Afterwards Rene, who is an engineer as well as a psychologist, shows slides from a manual for safe rebuilding: foundations propped and buttressed so they are no longer unbalanced and unstable, second stories supported by first floors that have sustaining walls. Each slide is paired a “Don’t” in red which can lead to collapse in a future earthquake, a “Do” in green – the safe way to sustain a dwelling and save lives. These slides will be shown everywhere in Haiti and distributed in booklets, Rene tells us.
What a pleasantly surprising symmetry and pairing: principles and building blocks for new safe houses, and for emotional and physical self-care–a hopeful beginning for the new year.
To be continued tomorrow–the anniversary of the Haiti earthquake . . .
The Training Begins– Day Two & Three
Tears are everywhere. Like high water behind a dam, you can see them swelling, pressing for release in the stiff bodies and taut faces of men and women who gather for the first day of our training.
We’ve selected 120 clinicians, educators and religious leaders. About that many crowd the registration desk and fill the chairs in our lecture hall. But they aren’t exactly the 120 that we invited.
This is the beginning of our Haiti training, but before I tell you about these new colleagues of ours and about what we are learning together, I have to jump to Wednesday morning—Day Four– and to the hours last night, after the election results were in. Demonstrators filled the streets outside our hotel in front of the Champs De Mars, angry thousands protesting results which certified President Preval’s son-in-law in-waiting, Jude Celestin, as a participant in a run-off election. Last night our team heard the pop of gunshots as a counterpoint to the rhythm of music from the hotel band. This morning, smoke from fires fills the air as demonstrators march toward, and, we are told, destroy Celestin’s headquarters.
Everyone we meet believes Mrs. Mirlande Manigat was indeed the legitimate top vote getter, and they are convinced that another candidate, Michel “Sweet Mickey” Martelly, the pop singer, had more votes than Celestin and if he didn’t, someone else certainly did.
The election results seem to the Haitians only the most recent insult, the latest dismissal of their sovereignty, indeed of their humanity- -once again the big man appoints his successor. All the frustration of all of their months since the earthquake and all the years before, all the pain we’ve seen in the tent dwellers on the Champ de Mars and in the faces of the men and women we are training is erupting- moving this afternoon uphill towards Celestin’s headquarters, and the homes of the rich and powerful.

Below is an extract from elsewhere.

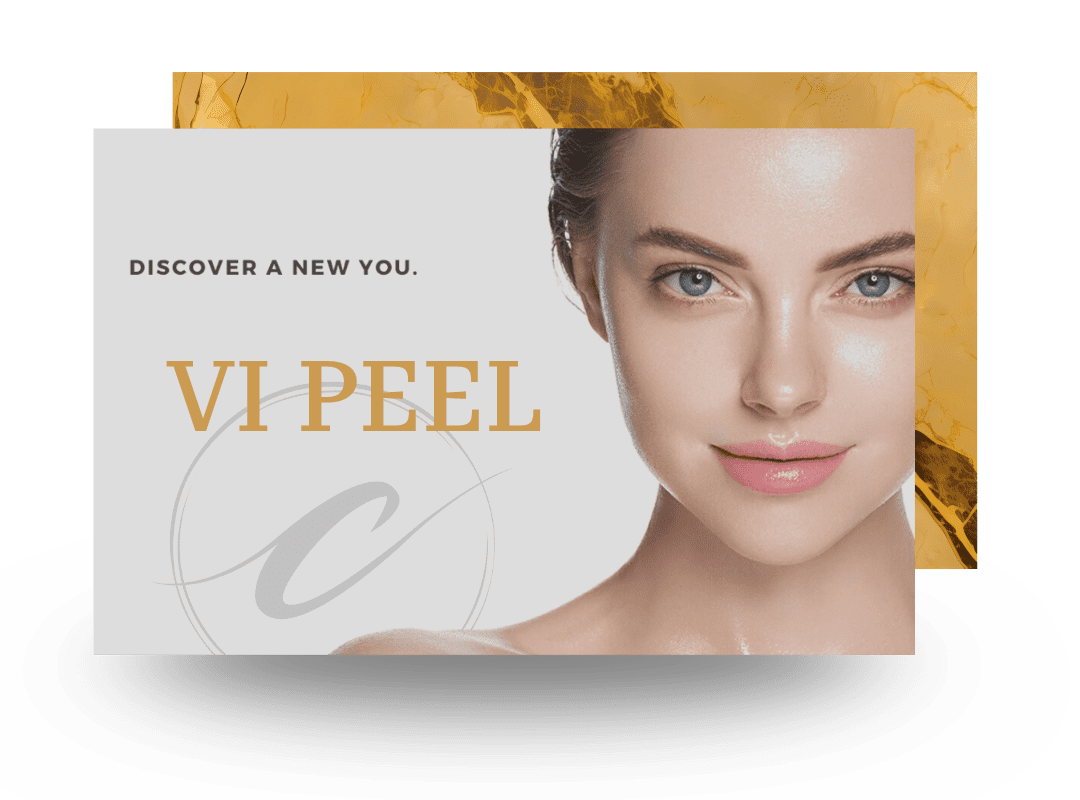 Professional VI Peel facial rejuvenation to improve skin tone and texture at Cloud Nine Aesthetics Jacksonville IL.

On this day of anger and danger, only half a dozen of our participants have made their way through large, angry, often armed mobs and small fires. The rest however, have been on the phone, “Tomorrow?” “Don’t do too much today; we don’t want to miss anything.” “Can your international team stay another day?”
Back to the Beginning-Training, Day 2
On Day Two some of our invited participants were kept away by the urgent demands of cholera care, and by fears of the demonstrations that had not yet occurred. But others arrived from the Ministry of Health, the universities, the schools and churches to take their place. By the second day these eager volunteers and the original invitees were joined by the latecomers and by some who have somehow heard stories about unexpected relaxation and education, welcome, and safety. At lunch we feed 145.
The small groups which are central to this adventure in self discovery and self-care- so supportive and inviting for men and women who have held back personal feeling in favor of continual service to others- have swollen in size.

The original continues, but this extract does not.